Advisors come in several forms. We can find them on the internet, in our families, and among our friends. In my experience, when we seek out advisors, we hope that the information they provide will ease the conflict within. I think it’s safe to say, we have all experienced a run in with both positive and negative advisors when it comes to relationships. What sets good advice apart from bad advice is less about what is said but more about how relaxed it makes us feel and I think we could all work on giving suggestions that support rather than confuse.
So when love’s a gamble what type of advice can you expect to receive? In my experience, a negative advisor might say something like “well, if you have to ask, that’s good enough reason to leave.” And while this might be the silver bullet of wisdom one person is looking for, it’s not the best piece of advice one can give. Here’s why:
- It places too much emphasis on the other person in the relationship and what they are doing.
- It makes one party right and the other wrong.
- It fosters more doubt where love, support, and a new perspective may be more effective.
- It assumes you’re in the right mindset to use your intuition.
- It nullifies the pros from your pros and cons list.
- And finally, it doesn’t usually decrease inner turmoil.
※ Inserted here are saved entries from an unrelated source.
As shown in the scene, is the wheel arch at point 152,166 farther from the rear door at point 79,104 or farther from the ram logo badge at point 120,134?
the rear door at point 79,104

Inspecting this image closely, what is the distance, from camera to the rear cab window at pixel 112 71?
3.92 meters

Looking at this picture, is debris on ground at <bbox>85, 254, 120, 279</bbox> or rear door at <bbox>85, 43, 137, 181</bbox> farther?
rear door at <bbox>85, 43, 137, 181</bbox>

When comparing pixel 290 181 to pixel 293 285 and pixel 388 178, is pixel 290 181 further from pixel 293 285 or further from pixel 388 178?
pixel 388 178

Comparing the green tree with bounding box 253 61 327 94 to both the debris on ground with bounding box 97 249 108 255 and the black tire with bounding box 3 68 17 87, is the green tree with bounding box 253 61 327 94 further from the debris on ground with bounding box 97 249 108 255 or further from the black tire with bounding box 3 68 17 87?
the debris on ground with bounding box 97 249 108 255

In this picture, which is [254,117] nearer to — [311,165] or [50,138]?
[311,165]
It just magnifies it.
For me, love should exist even in the presence of doubts. Relationships can’t be perfect all the time and at some point all couples will experience difficulties. It’s those moments where we wonder if it’s worth the gamble to stay or leave. I believe love is about seeing those doubts clearly and determining what course of action you can take that benefits both parties. Sometimes that means walking away, sometimes that means giving it time. In a relationship that is not abusive or toxic, coming to that conclusion should be intentional, not just a strategy for escape.
When someone’s only advice to us is to just throw it away, we become more, rather than less, conflicted. It reduces the relationship down to just the cons and keeps your focus planted on the other person and what they are doing wrong. I think what people are really getting at is: “what does your intuition say?” And while I think this is great in itself, I don’t believe your intuition is very effective if you’re not in touch with who you are.
So with that said, I think the best advice you can give someone questioning their relationship, someone who has recognized that there is a risk associated with staying AND leaving, is this: when love is a gamble, bet on yourself first. Everyday we have the opportunity to work on ourselves, to give ourselves the same love we have been giving others. When we are experiencing turmoil is when we need this reminder the most.
We need someone to show us the value in coming home to who we are and what we want out of our lives, regardless of what the outcome of the relationship is. We need someone to take the emphasis off of that other person, not add more confusion, conflict, and enemy making into the mix. Show the person in turmoil that regardless of what happens in that relationship, they ARE special and deserving of their own attention. Remind them that if they bet on their partner to come through and they don’t, they’ve lost not only the relationship, but also themselves.
Love IS a gamble but you’re more equipped to make the right decisions when you give to yourself first. Everything else will fall into place if your cup is full, trust me. So go out there feeling supported, in control, and faithful that everything will be okay. We deserve it!